Documentation
Everything you need to integrate Soto in under five minutes.
Authentication
Every API call needs a bearer API key in the Authorization header. Create keys in API Keys. Keys are shown once — save them somewhere safe.
POST /v1/embed
Returns a pooled embedding per input string (mean + max + std of chunk summaries → 576 dims).

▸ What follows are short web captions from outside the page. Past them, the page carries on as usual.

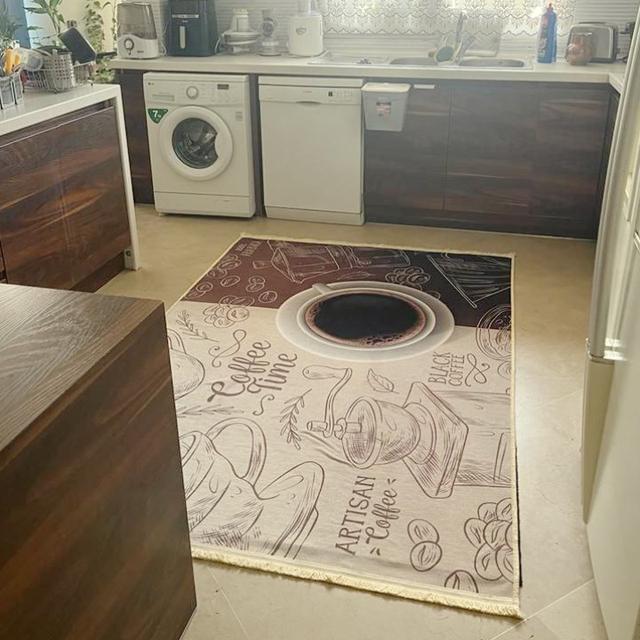 عکس فرش قهوه دبش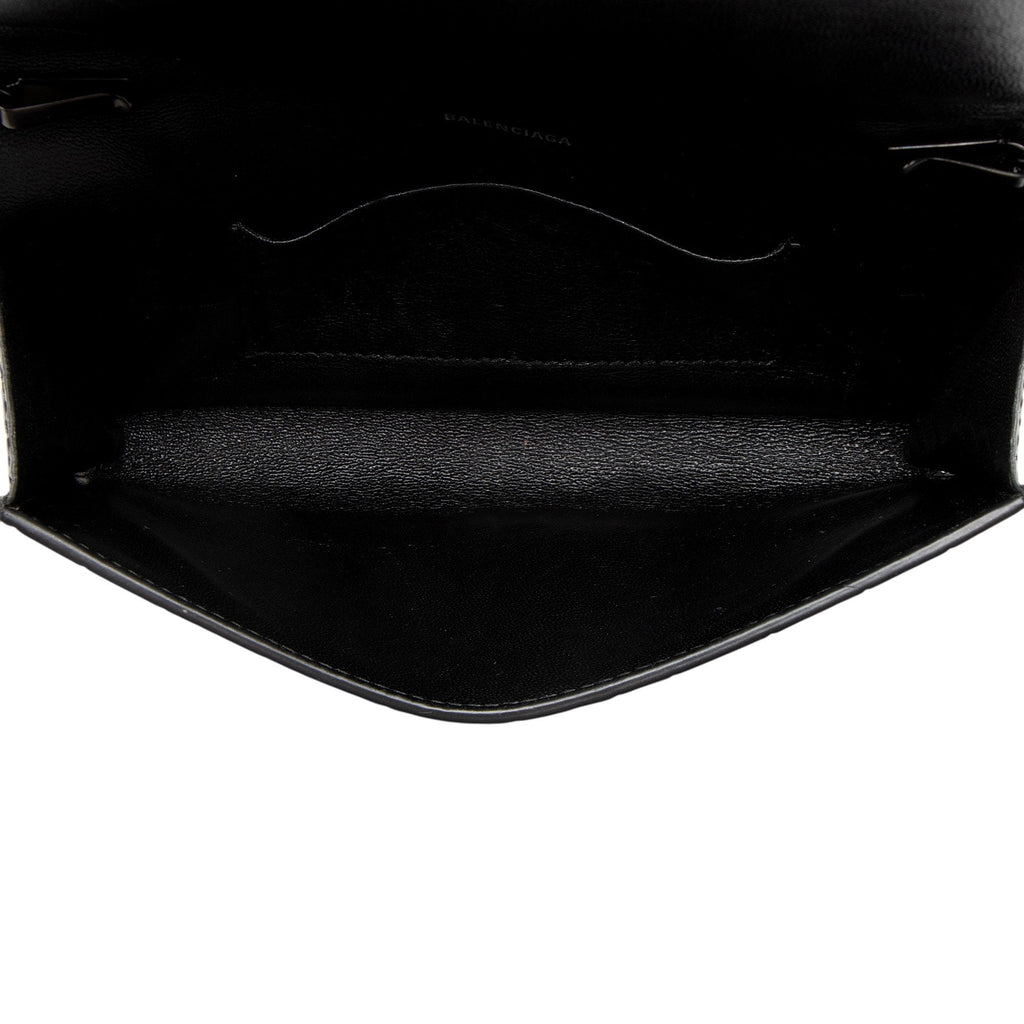Balenciaga Croc Embossed BB Phone Holder on Chain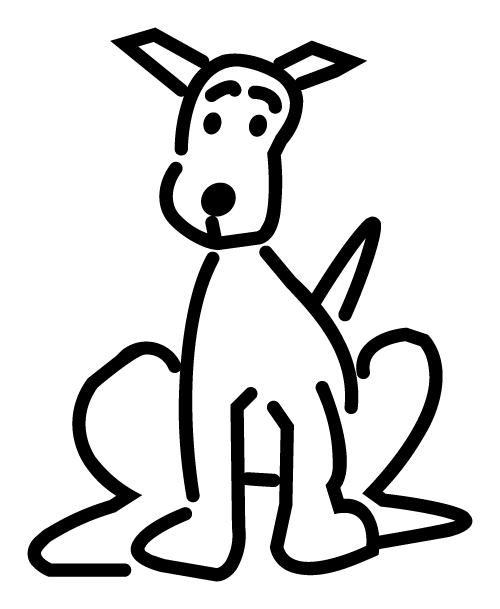 500x609 Stick Family Dog Decal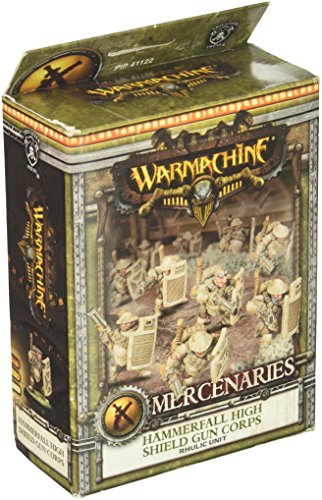 【中古】「非常に良い」Privateer Press Warmachine ? 傭兵 ? 高シールドガン隊モデルキット|オマツリライフ別館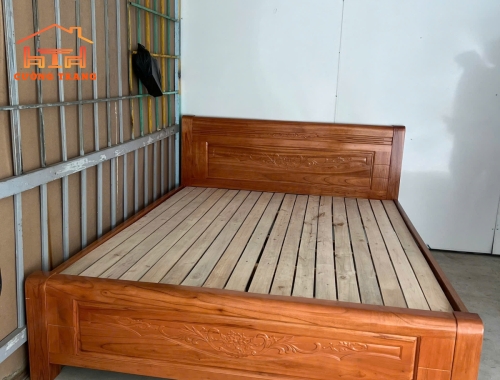 GIƯỜNG NGỦ GỖ XOAN TA 1M6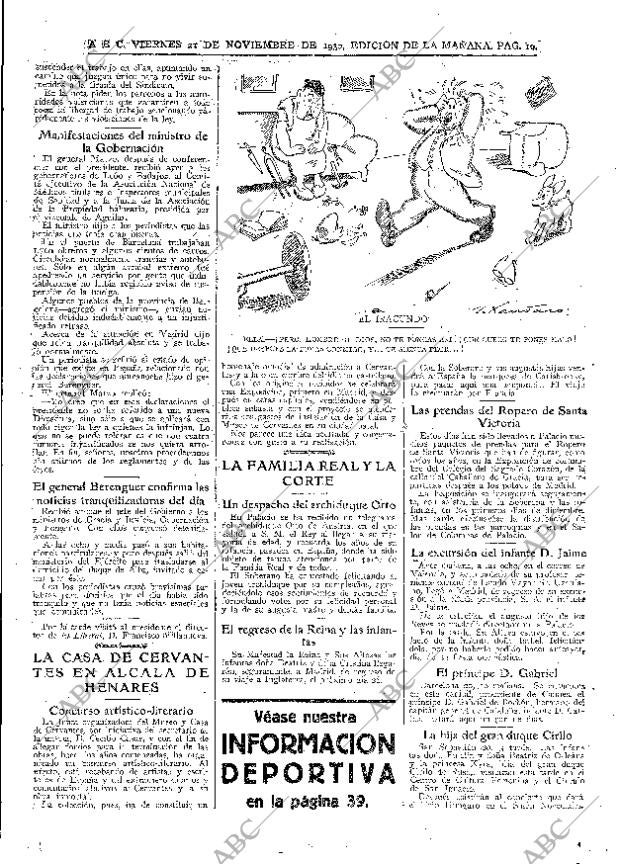 ABC MADRID 21-11-1930 página 19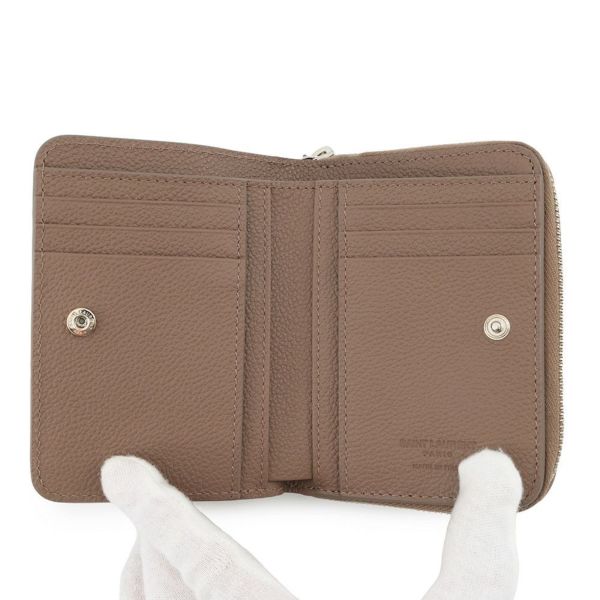 サンローランパリ 二つ折り財布 リヴゴーシュ コンパクト ジップウォレット レザー 603081 SAINT LAURENT PARIS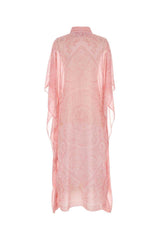 Versace Barocco-printed Semi-sheer Chiffon Cover-up - Women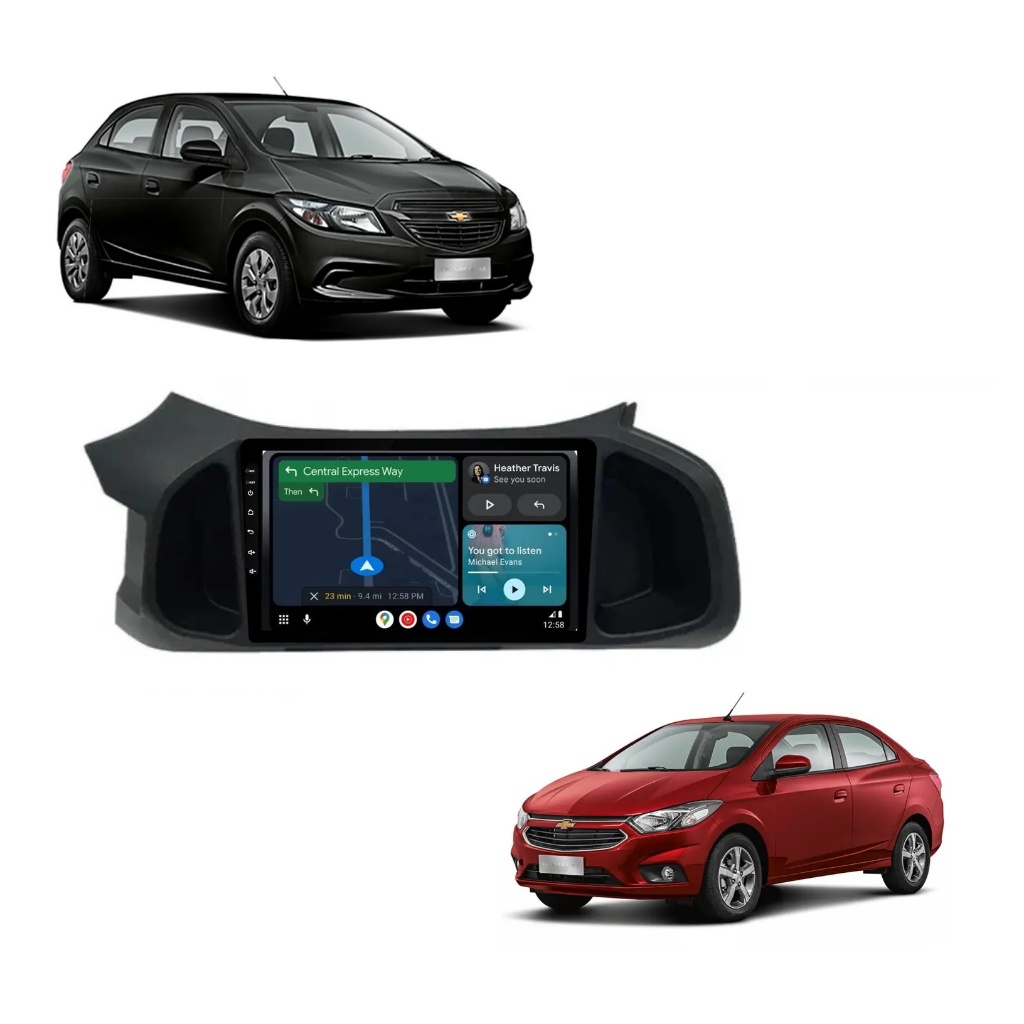Kit Multimídia Onix Prisma 2013 / 2019 LS Joy Pol Android Carplay Gps 2/32GB - Roadstar 915BR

Up to 64 strings per request, up to 8,192 chars each.
curl
curl https://api.soto.dev/v1/embed \
-H "Authorization: Bearer $SOTO_API_KEY" \
-H "Content-Type: application/json" \
-d '{"text": "transfer 500 to my savings account"}'Python
import requests, os
r = requests.post(
"https://api.soto.dev/v1/embed",
headers={"Authorization": f"Bearer {os.environ['SOTO_API_KEY']}"},
json={"text": ["hello world", "another doc"]},
)
print(r.json()) # {"embeddings": [[...], [...]], "dim": 576, "model": "soto-v8"}POST /v1/classify
Top-k intent classification. Currently supports the banking77 task (77-class banking intent). More tasks coming — LoRA adapters let us add new domains without retraining the encoder.
curl
curl https://api.soto.dev/v1/classify \
-H "Authorization: Bearer $SOTO_API_KEY" \
-H "Content-Type: application/json" \
-d '{"text": "transfer 500 to my savings account", "top_k": 3}'JavaScript
const r = await fetch("https://api.soto.dev/v1/classify", {
method: "POST",
headers: {
"Authorization": `Bearer ${process.env.SOTO_API_KEY}`,
"Content-Type": "application/json",
},
body: JSON.stringify({ text: "my card was declined", top_k: 3 }),
});
const { results } = await r.json();
// [{label: "card_declined", score: 0.89}, ...]GET /v1/usage
Current month's inference count and tier limit. Use this to show users their usage or stop calls before you hit your quota.
curl -H "Authorization: Bearer $SOTO_API_KEY" https://api.soto.dev/v1/usage
# {"tier":"free","month_used":238,"month_limit":10000,"remaining":9762}Rate limits & errors
| Status | Meaning |
|---|---|
| 401 | Missing or revoked API key |
| 400 | Invalid body — see details field |
| 429 | Monthly quota exceeded — upgrade or wait for reset |
| 502 | Inference backend unavailable — retry with backoff |